Raden Soeryo menatap Ali sambil tersenyum getir. “Sama saja, Mas. Nona Brechtje juga kulit putih.” 

Kedua sudut bibir Ali terangkat. “Beda, Yo. Brechtje anak Nyonya Emily yang jelas-jelas mengagumi kepandaianmu. Guru aljabarmu itu juga pengikut Henk Sneevliet yang tidak anti pribumi dan sedikit banyak mendukung perjuangan bumiputra. Ia tidak akan keberatan anaknya dekat dengan pribumi pintar sepertimu.” 

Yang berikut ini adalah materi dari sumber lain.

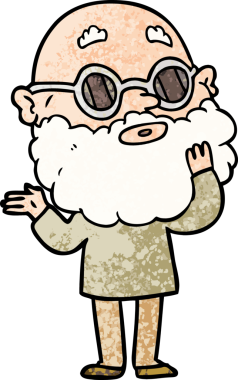 Bir insan tarafından çizilmiş sakallı ve gözlüklü meraklı bir adam.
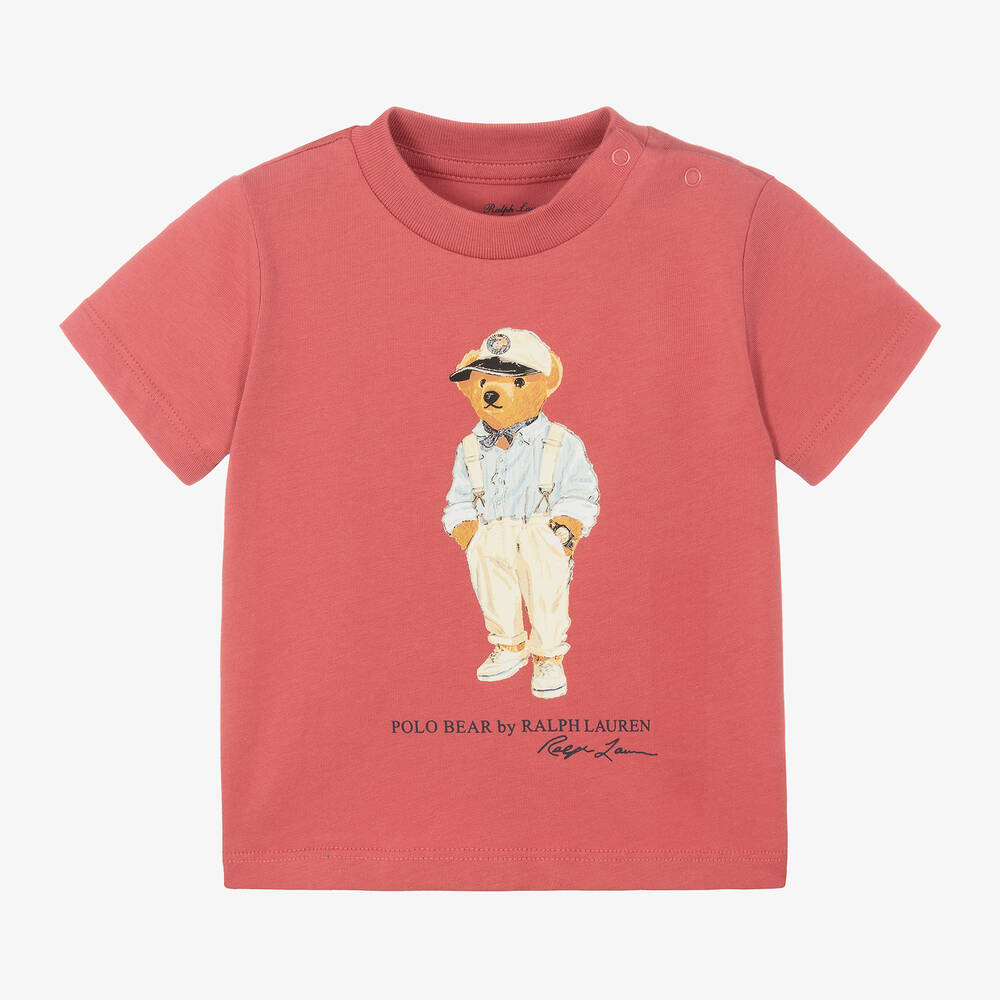 Ralph Lauren - Baby Boys Red Cotton Polo Bear T-Shirt | Childrensalon
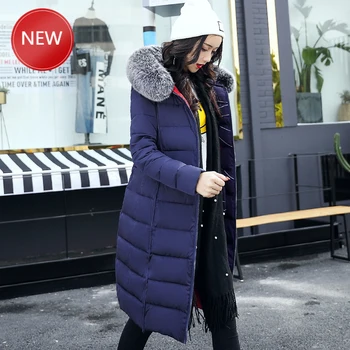 

coat fur collar thicken warm long jacket female plus size 3XL outerwear parka ladies chaqueta feminino 2019 winter women hooded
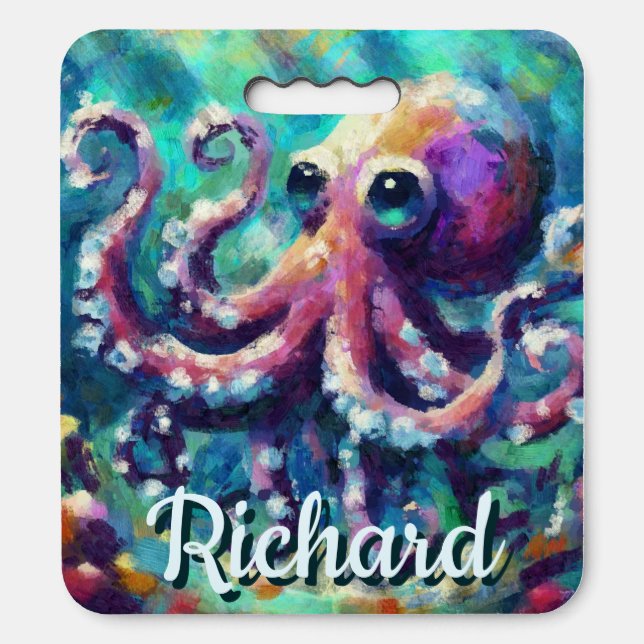 Octopus Nautical Beach Coastal Personalized Seat Cushion (Front Vertical)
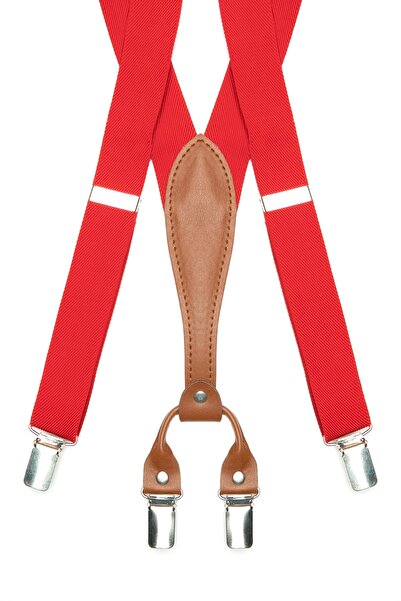 DWOY 4 Klipsli Özel Tasarım Kırmızı Yetişkin Pantolon Askısı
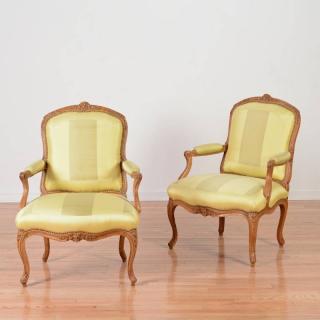 Appraisal: Good pair Louis XV carved beechwood fauteuils th th c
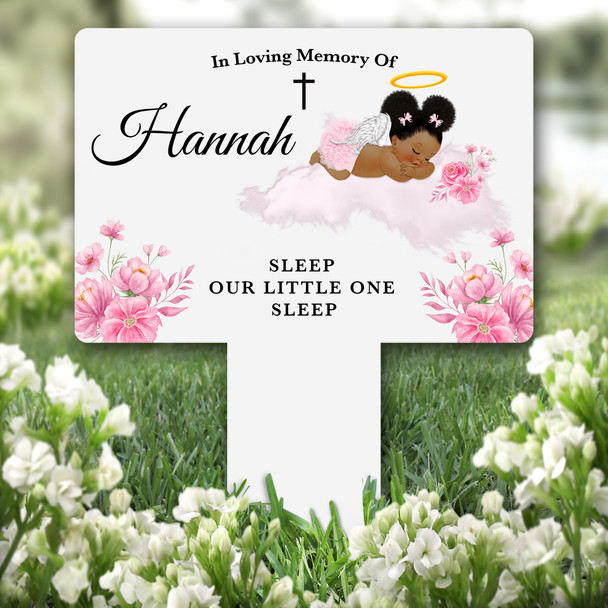 Pink Dark Skin Baby Girl Remembrance Garden Plaque Grave Marker Memorial Stake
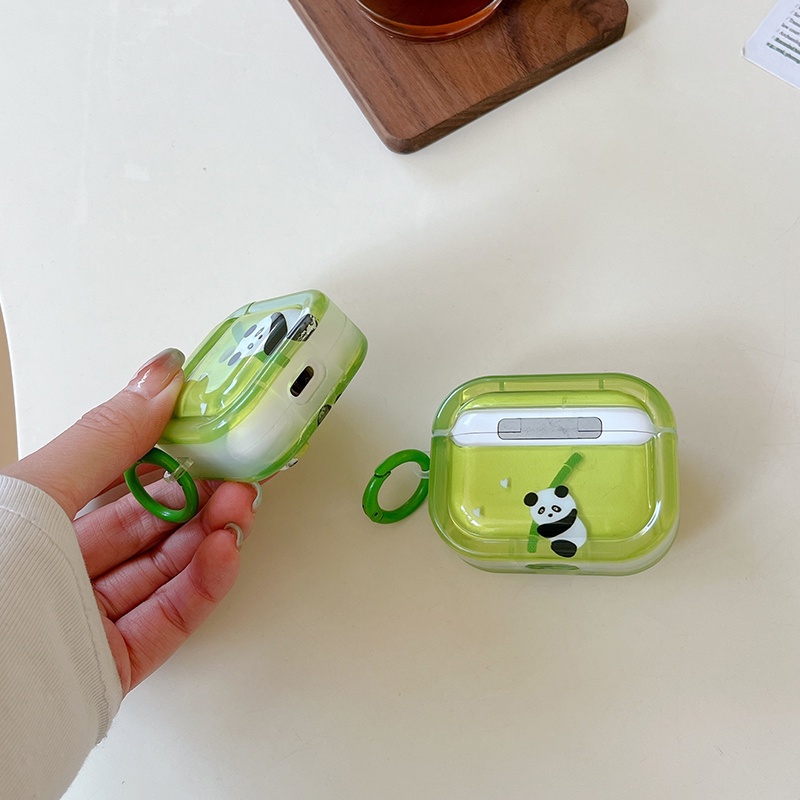 Vỏ Bảo Vệ Hộp Sạc Tai nghe không dây Airpods Pro2 3 2 1 3 2021 Bằng Tre Hình Gấu Trúc Dễ Thương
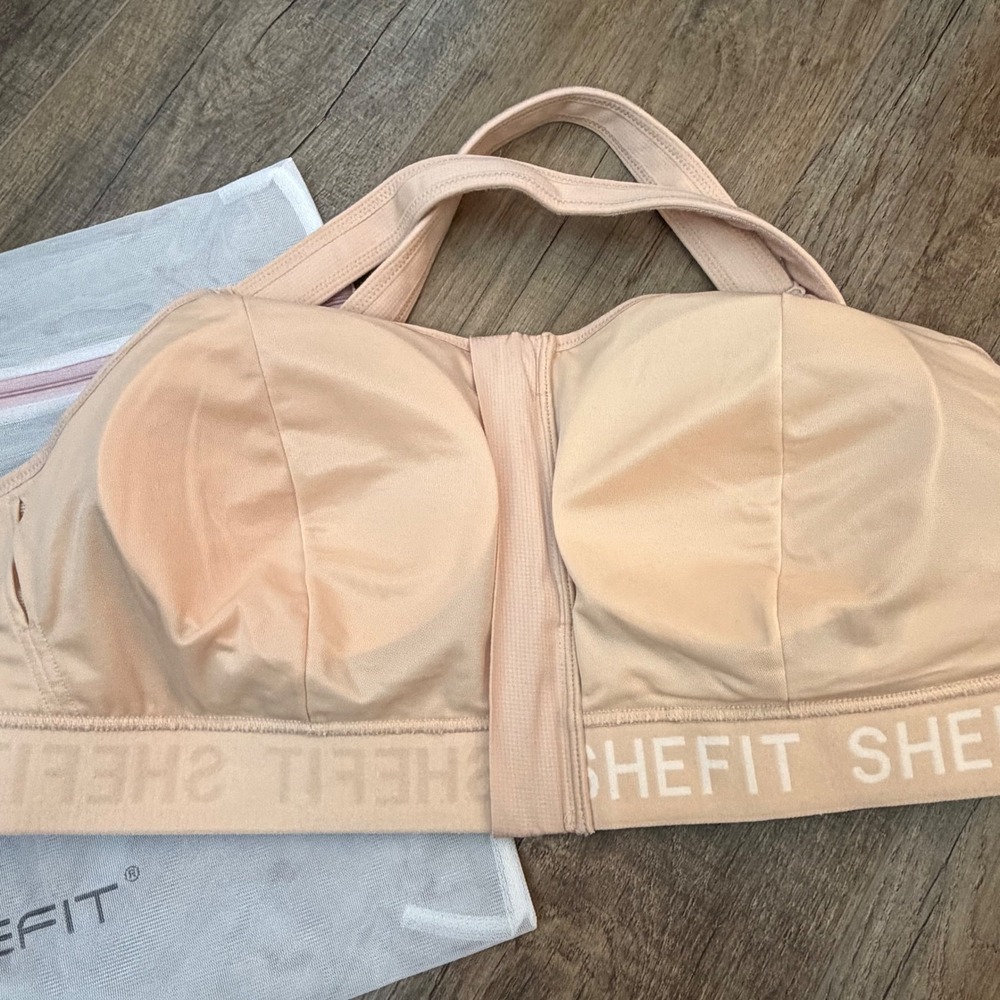 NEW SHEFIT Ultimate Sports Bra Pink High Impact Adjustable Front Zip 4 Luxe Bag - Picture 4 of 6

Terdengar helaan napas panjang Raden Soeryo ditingkahi detak jarum jam dinding. Sungguh pelik masalah cinta di tanah jajahan. Ia dan Juliana terlahir dari rahim yang sama, seorang ibu, berpijak di atas tanah yang sama dan bernaung di bawah langit yang sama. Namun, kenapa mereka tak boleh melabuhkan perasaan hanya karena perbedaan warna kulit? Sungguh tidak adil. 

“Berbeda dengan Van Bart. Dia pejabat kolonial. Hubunganmu dengan anaknya adalah noktah besar di wajahnya.” Ali mengganjur napas. “Gelombang yang kau tantang terlalu besar, Yo. Bukan hanya Van Bart yang akan menentangmu. Abah dan ramamu juga pasti tidak setuju.”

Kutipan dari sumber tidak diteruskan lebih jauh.